If the workflow's code has been modified between sessions then that can also shift the call order and break replay silently. The optional `version` field on `start()` is a deployment-level guard to protect against this, but it only signals a version mismatch without identifying the changed step or preventing all drift. See [Versioning](versioning.md) for more discussion on this.

## 5. Suspend, resume, and timeouts

When you need a workflow to wait on something, like human approval or a webhook, you can suspend it without keeping the process alive until you're ready to resume it. This is done through `waitForEvent` and `resume`.

To suspend, use `waitForEvent` to write a `suspend` entry under the current session. It'll throw an exception to return control to the caller so that the process can exit.
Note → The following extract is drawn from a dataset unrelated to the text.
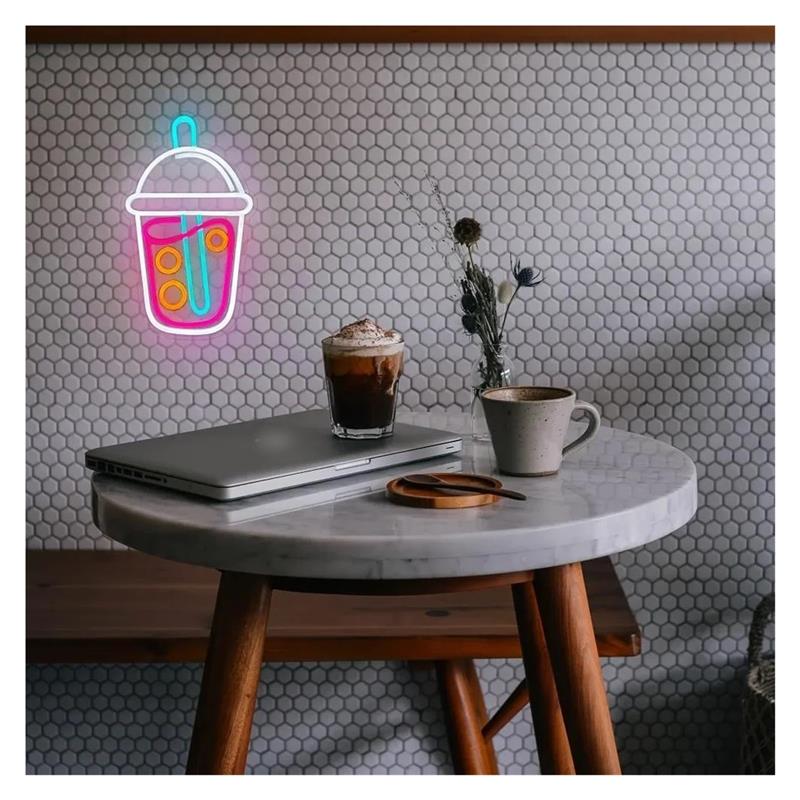 لافتة نيون لشاي البوبا، إضاءة  - مراجعة Wallpaper Coffee And Tea وسعره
To resume, call `resume(runId, name, value)` to open a new session and record a `resume` entry with the event value passed in. On replay, `waitForEvent(name)` will find that entry and return its value instead of suspending again. (Calling `resume` more than once for the same event is safe because the first recorded value wins, and later values are ignored.)

A suspend may include a deadline, but note that kassette doesn't poll or run timers. Deadlines are only checked when a new session is opened by `start`, `resume`, or `fork`. If the deadline has passed and no matching `resume` exists, kassette writes a `cancel` entry and the run becomes terminal.

## 6. Properties of the journal

**Append-only.** Entries are never modified or deleted. Once work is recorded, it stays settled.

**Ordered.** Entries are read in append order. Replay depends on this because recorded results are matched to `record()` calls by position.

**Atomic.** Each entry is written completely or not at all.

**Fenced.** Only the current session can append. Writes from a superseded session are rejected.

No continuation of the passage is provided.